Amazon investigating problem after S3 suffers 8-hour outage
Amazon's Simple Storage Service (S3) was down for more than eight hours over the weekend, affecting many prominent sites, and the company is still investigating the cause of the problem.
Cloud-based services such as those offered by Amazon provide cost effective solutions in computing and storage. However, the oft-cited drawback of relying on such offerings is that customers are left with little or no control if something goes wrong. The only option is to wait -- and in cases like this, wait nearly half a day.
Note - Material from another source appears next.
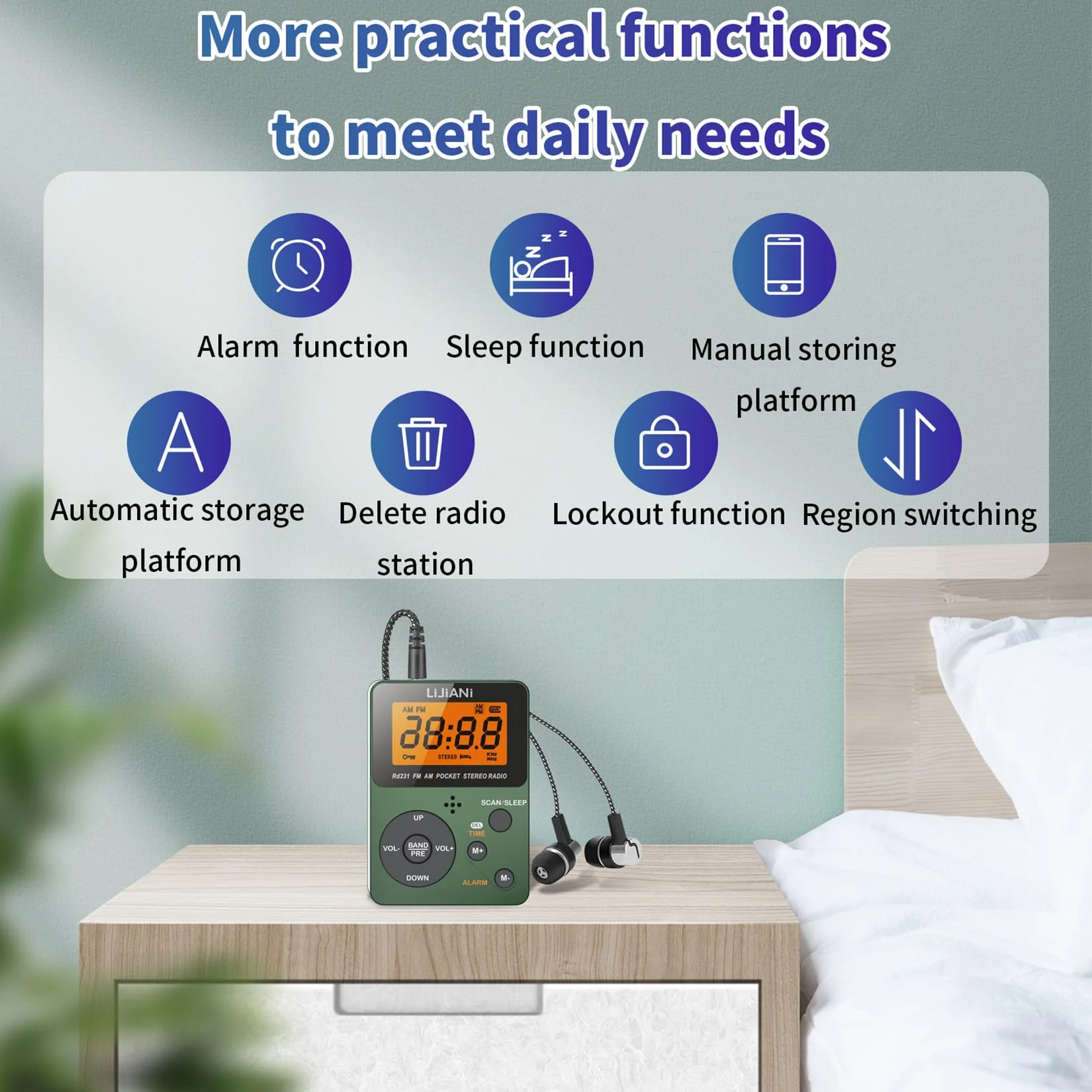 rd231 Pocket AM FM Radio Portable with Best Reception,Power by AAA Battery Mini Digital Tuning Walkman Radio with Stereo Earphone,Large LCD Screen and Lock Screen for Walk/Jogging/Gym/Camping - Image 3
Amazon's S3 Simple Storage Service which was introduced in 2006 is a part of the Amazon Web Services (AWS) suite, also consisting of the Elastic Compute Cloud (EC2) and SimpleDB services.
On July 20, the S3 component of AWS was down for more than 8 hours, affecting sites like SmugMug, Twitter, Centernetworks, and many of Amazon's own sites. The Amazon Web Service Health Dashboard shows that the Simple Storage Service and Simple Queue service experienced a "service disruption."
In a communication with the company, GigaOM's Om Malik received a rather general explanation as to why the service was down: "As a distributed system, the different components of S3 need to be aware of the state of each other. For example, this awareness makes it possible for the system to decide which redundant physical storage server to route a request to."
"We experienced a problem with those internal system communications, leaving the components unable to interact properly, and customers unable to successfully process requests. After exploring several alternatives, the team determined it had to take the service offline to restore proper communication and then bring service online again."
"These are sophisticated systems and it generally takes a while to get to root cause in such a situation -- we will be providing our customers with more information when we've fully investigated the incident," the company added.
Many companies utilize AWS, so a loss of functionality has the potential to affect a huge number of services. Both Red Hat and Sun utilize EC2, which has also experienced various outages. Consumer-aimed services like HP's Upline have faced numerous outages as well.